Full Credits

Stats & Data

May 25, 2017

I can honestly say my testicles have never been so well organized. Hear me out!

Honestly, I was a little afraid of what my bros were gonna think of me when I showed up to corn hole practice wearing a man-romper. A manper. A momper. Look, I was skeptical, too. Why would I want to wear a garment usually worn by literal babies? But then I tried it, and I can honestly say my testicles have never been so well organized. Hear me out!

What I sacrifice in being able to rip off my shirt as a mating call to hot babes on the beach or being able to pee without taking off all my clothes, I gain in the knowledge that my equipment is properly stacked. No more blobs of flesh sticking to my legs, even if I love peeling them off! At first, I used to judge the ladies for wearing rompers. Why would they deliberately obscure their third rib, objectively a woman’s sexiest body part? But as soon as I became ACED DESIGN’s bajillionth kickstarter donor, earning me a free broromper and a custom iron on patch that says “Romphim? I don’t even know him!” and slipped it on, I knew exactly why the ladies flock to this garment. It’s comfortable, lightweight, and it’s really spiced up my corn hole game. My bean bags just whizz through the air. My team even made it to the DCHC (Douchey Corn Hole Championships.) And when I’m leaning in for a good hooker (a move where a beanbag hits the board and falls through a hole) I can do so knowing that all my junk is correctly in order. No Jon Hamm wearing any kind of pants ever kind of situation.
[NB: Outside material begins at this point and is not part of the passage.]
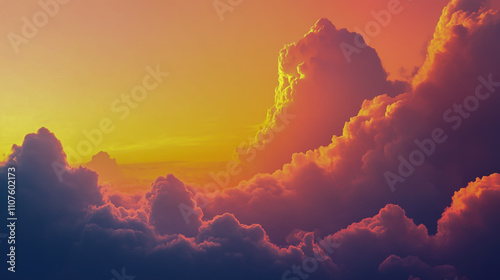 Beautiful silhouette of clouds during a vibrant sunset, creating a scenic view photo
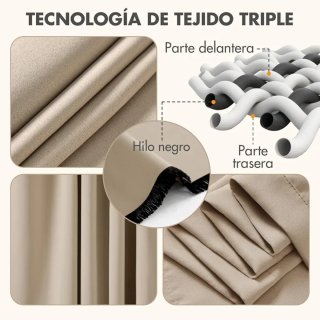 Cortinas Opacas MIULEE Beige 245x140 RIEL/Barra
I’ve gotten so vain since I bought my romphim. Checking out my butt in different situations, like when I’m benching a record eight pounds at the gym. I don’t even have to ask anyone around me if my butt looks big in my manromp because I know it looks fuckin luxurious. And you know who look their finest? Huey, Dewy, and Louie. That’s right, my private parts. I never have to worry about squishing one. Like a super sick Power Rangers Trapper Keeper, my dick and balls feel in order all the time. As a bonus, I don’t have to spend precious seconds of my life thinking about what I’m gonna wear today— the one pair of yellow mesh b-ball shorts I own and a free t-shirt from a blood drive I skipped out on. So next time you see me at a corn hole league sporting my rompman, give me a nice hello by gently kneeing me in the testicles. You’ll love how you can make maximum impact by hitting all my stuff, because my maleromp knows how to put the goods on display.